One of the most interesting data center models is that proposed for the Square Kilometer Array (SKA), an internationally developed radio telescope that when complete will provide a million square metres of collecting area and will transform our understanding of key science areas such as Strong-field tests of gravity using pulsars and black holes, the origin and evolution of cosmic magnetism and How were the first black holes and stars formed?
The SKA plans to use an HP Performance Optimised Datacentre modular data center and a GPU-based processing center to provide 200 teraflops of computing power and 1.5 and 1.5 petabytes of storage.
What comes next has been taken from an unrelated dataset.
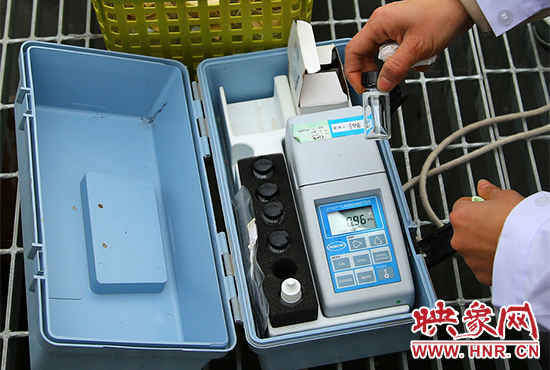 檢驗員正在用儀器檢測水質(zhì) 檢驗員正在用儀器檢測水質(zhì)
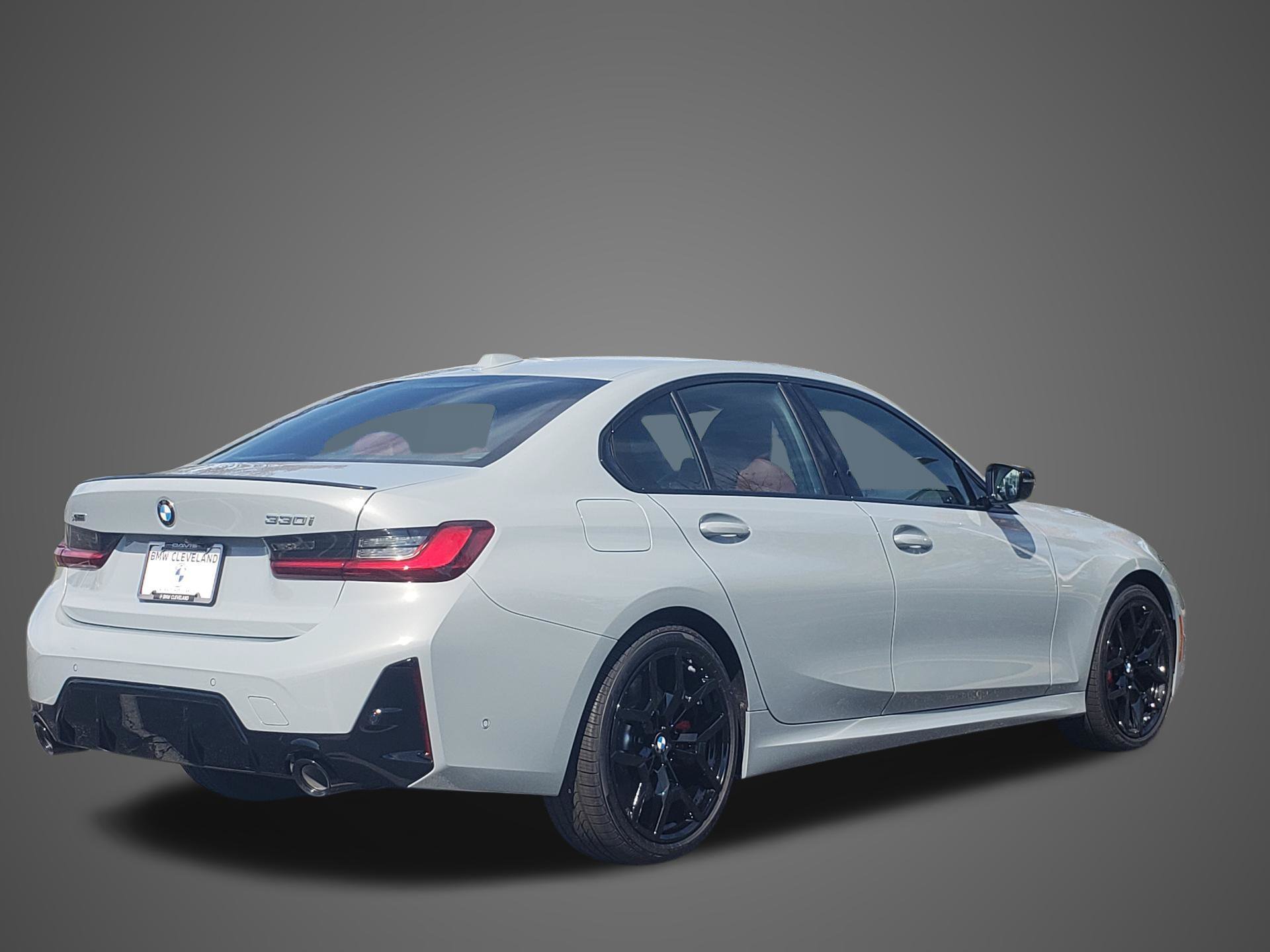New 2026 BMW 330i xDrive Sedan w/ M Sport Package AWD/4WD image 8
But even this impressive data center is thought to be inadequate to meet the processing and storage needs of the project, which will deliver up to an exabyte a day of raw data, compressed to 10’s of PB of images.
The SKA has rejected the use of the Amazon cloud as a data repository because storage costs will be prohibitive. Instead, after a successful prototyping experiment, it proposes to use a “citizen science” application this year based on the open source Nereus V Cloud computing technology, developed at Oxford University, selected because of its Java code base and its security features. The prototype testbed used 200 clients at the University of Western Australia, Curtin University and iVEC with two servers deployed through management at a NereusCloud domain. The clients included Mac Minis and Linux-based desktop machines. When complete, “theskynet,” as it has been called, would give open access to the SKA data sets.
The design is also very green, with an expected average power use of around 10 megawatts, 10 times less than the power use of large supercomputers.